Drüben für moviepilot hab ich anläßlich des LOST-Themen-Weekends einen langen Text geschrieben, warum ich ganz froh bin, wenn LOST jetzt endlich endet. Hier ein Anteaser:
Wirtschaftskrise, Schuldenloch, Eurofalle – und dann hört auch noch Lost auf. Batzman verrät euch, warum das gar nicht so schlimm ist.
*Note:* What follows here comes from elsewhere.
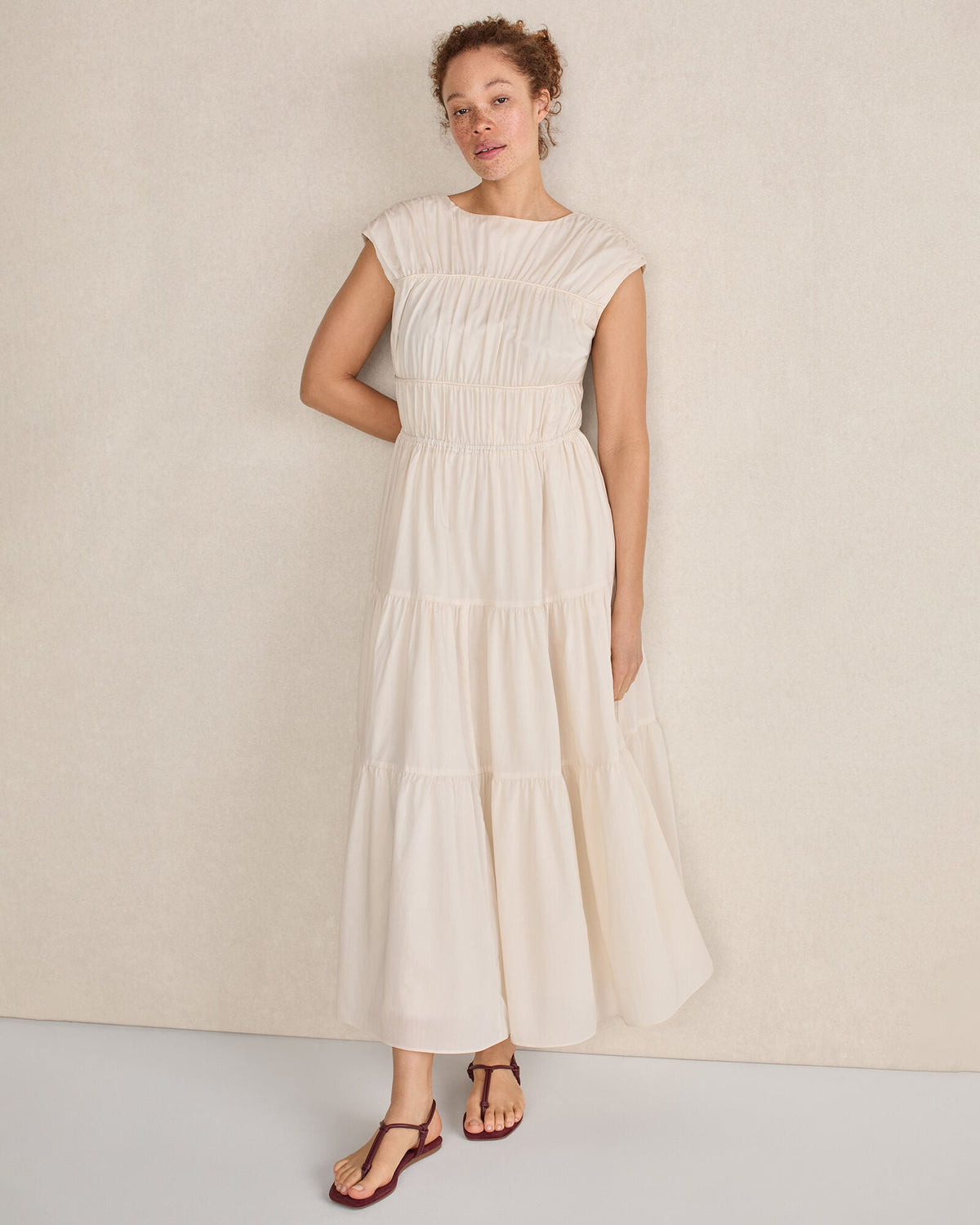 Talbots COTTON VOILE ROUCHED MAXI DRESS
Ich geb zu, ich mochte Lost mal ziemlich gerne. Nach tausend Familienserien und Sitcoms, die halb so lustig sind wie Mario Barth, war LOST eine willkommene Ablenkung. Eine Serie, die mit gewaltigem Aufwand einen wahrlich furiosen Start hinlegte. TV, das wirklich nach Kino aussah und eine Menge Rätsel und scheinbar genial gestreute Hinweise, die alle auf ein mächtigeres, größeres Geheimnis hindeuteten.
Dazu – wie so oft in angelsächischen und so selten in deutschen Serien – eine wirklich talentierte Besetzung, die mehr konnte als nur rumstehen und gut aussehen. Die Idee mit den Flashbacks, die nach und nach Details über die Figuren enthüllten, war ebenso gelungen wie die Infohäppchen, die die Macher den Zuschauern gekonnt servierten. Ein Monster im Wald, vielleicht sogar ein Saurier? Ein Eisbär, der irgendwie mit den vielen Eisbärfiguren in Comics und Rückblenden zusammenhängen musste und ein Cliffhanger am Ende der ersten Staffel, der viel versprach.
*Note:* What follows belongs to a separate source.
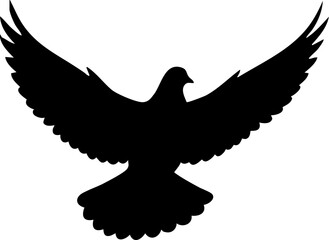 Elegant dove spreading wings in flight, a symbol of peace, hope, and freedom for graphic design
Doch gleich eines der ersten Interviews mit dem Lost-Mastermind Damon Lindelof ließ Böses ahnen: Freimütig gab er damals zu, vom Erfolg der Serie überrascht worden zu sein, dass sie einen sehr vagen Handlungsbogen für ca. 3 Staffeln im Kopf hätten und er machte keinen Hehl draus, dass der Fortgang der Handlung eher von den Einschaltquoten und den Buchungen der Werbekunden, denn von einem wirklichen Masterplan abhinge. Den gäbe es nicht.
Ein ziemlicher Schlag ins Gesicht für all jene, die glaubten, aus den Puzzleteilen ließe sich etwas Sinnvolles herauslesen. All die Spekulationen und zum Teil wirklich inspirierten Theorien, die in Foren und Newsgroups gesponnen wurden, waren mit einem Mal für die Katz, eine richtige Lösung gab es nicht, denn keiner der Autoren wusste selbst, was die ganzen Andeutungen bedeuteten. Die Macher entwickelten die Serie im Gehen, was etwa so lustig ist wie mit Bilbo das alte Rätselspiel zu spielen. Was hab ich in meiner Tasche? Keine Ahnung, mein Schatz, ich hab nicht mal Hosen an.
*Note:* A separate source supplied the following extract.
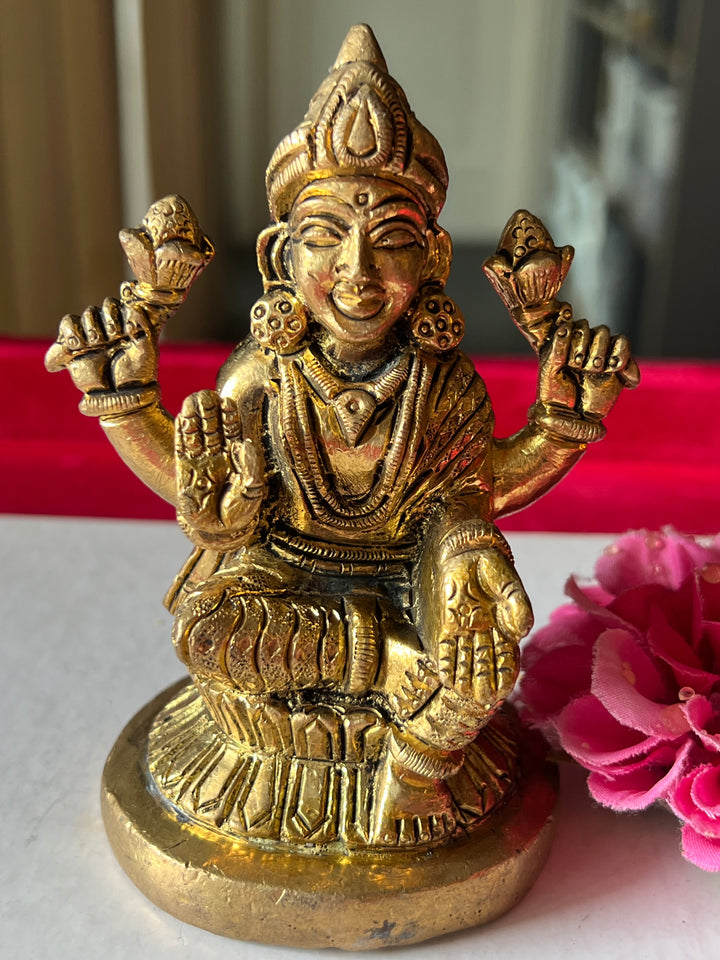 Brass Laxmi Sculpture - Goddess of Wealth and Prosperity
Der unbedingte Zwang Lost entgegen der initialen Erwartung plötzlich für eine lange Laufzeit fit zu machen, führte zu einer desaströsen zweiten Staffel, in der etwa zwei Folgen tatsächlich relevante Handlung auf über 20 Episoden gestreckt wurden. Es passierte einfach nichts mehr, nachdem Locke den Hatch entdeckt hatte. Die Flashbacks wurden zu öden Pflichtübungen, die nichts substantiell Neues enthüllten, sondern in epischer Breite das wiederholten, was wir im Endeffekt doch schon wussten. Dazwischen gab es die Expedition der Woche, in der irgendwer aus dem Hatch auszog, um am Ende wieder zurückzukehren. Raus aussem Hatch, rinn innen Hatch. Das alte Rein-Raus-Spiel, wie Kollege Alex wohl sagen würde.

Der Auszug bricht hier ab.